Quest’anno il Sessantotto compie cinquant’anni e tutti, in qualità di posteri, si chiedono quale sentenza debbano emettere: è stato un successo o un fallimento?
Partito in America già nel 1966 con le proteste contro la guerra del Vietnam, il movimento di contestazione sbarcò subito dopo in Europa occidentale invadendone man mano tutti i Paesi. Manifestazioni e occupazioni iniziarono anche in Italia a partire dallo stesso anno e imperversarono per tutto il 1968, fino all’autunno caldo del 1969.
Se il movimento attecchì così bene nel nostro Paese, è perché trovò un terreno già fertile: con il boom economico e le trasformazioni sociali che ne conseguirono, la società italiana era attraversata da profonde tensioni. Lo sviluppo industriale aveva fatto crescere a dismisura le masse operaie e il benessere aveva portato a un vistoso incremento della popolazione studentesca. Entrambe le categorie, grazie alla una più ampia diffusione dei mezzi di comunicazione, avevano maggiori possibilità di assistere alla vita politica, conoscerne i fatti, notarne le mancanze. Fu così che nacque una nuova consapevolezza, l’idea di una società civile che ha il diritto e il dovere di adoperarsi per migliorare la realtà.
Dal canto suo, la politica era chiamata a rispondere alle mutate esigenze economiche e sociali del Paese. Se all’inizio degli anni Sessanta la cooperazione tra DC e PSI sembrava un segnale di apertura al cambiamento, dopo la crisi di Governo del 1964 e le minacce di colpo di Stato del Piano Solo, i governi democristiani ritornarono su posizioni più caute. Fu proprio questa mancata risposta dall’alto a esacerbare le tensioni, sostenute anche dai venti rivoluzionari appena giunti da oltreoceano.
Iniziò allora la stagione delle contestazioni con i suoi grandi temi: la giustizia, l’eguaglianza, il disprezzo per l’individualismo e il consumismo, e soprattutto la lotta all’autoritarismo in tutti gli ambiti della vita, dalla famiglia all’università, dall’economia alla politica.

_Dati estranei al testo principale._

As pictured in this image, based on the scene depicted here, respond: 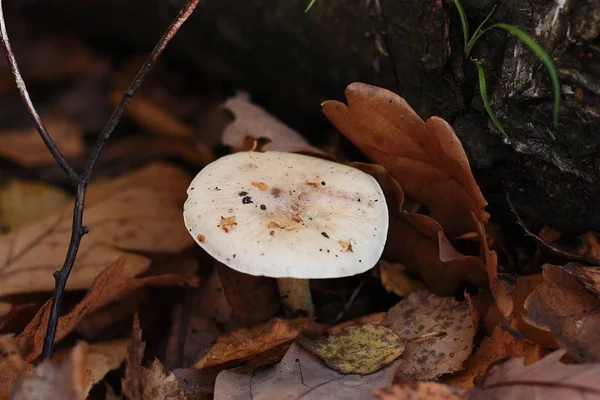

Il Sessantotto fu quindi innanzitutto il risultato di un processo. Fu lo sbocco di tutte le tensioni che erano andate accumulandosi in una società diventata troppo stretta e repressiva per i tempi moderni; tensioni che finirono per riversarsi in un flusso di proteste dominato dall’idea di libertà, libertà da tutto. Alcuni criticano appunto la qualità astratta e indefinita della contestazione, quella della protesta fine a sé stessa, distruttiva e non costruttiva. Altri restano convinti che senza lo spirito e l’impatto sociale del Sessantotto molte battaglie oggi vinte sarebbero ancora in corso: l’emancipazione della donna, la laicizzazione della società, le unioni civili, il biotestamento.
Ma che il movimento abbia sortito effetti concreti sul momento è in qualche modo secondario. Come dimostrano le numerose iniziative e celebrazioni organizzate per questo anniversario, il Sessantotto è un evento storico e culturale ben vivo nella memoria collettiva e questa in ultima analisi è già una vittoria.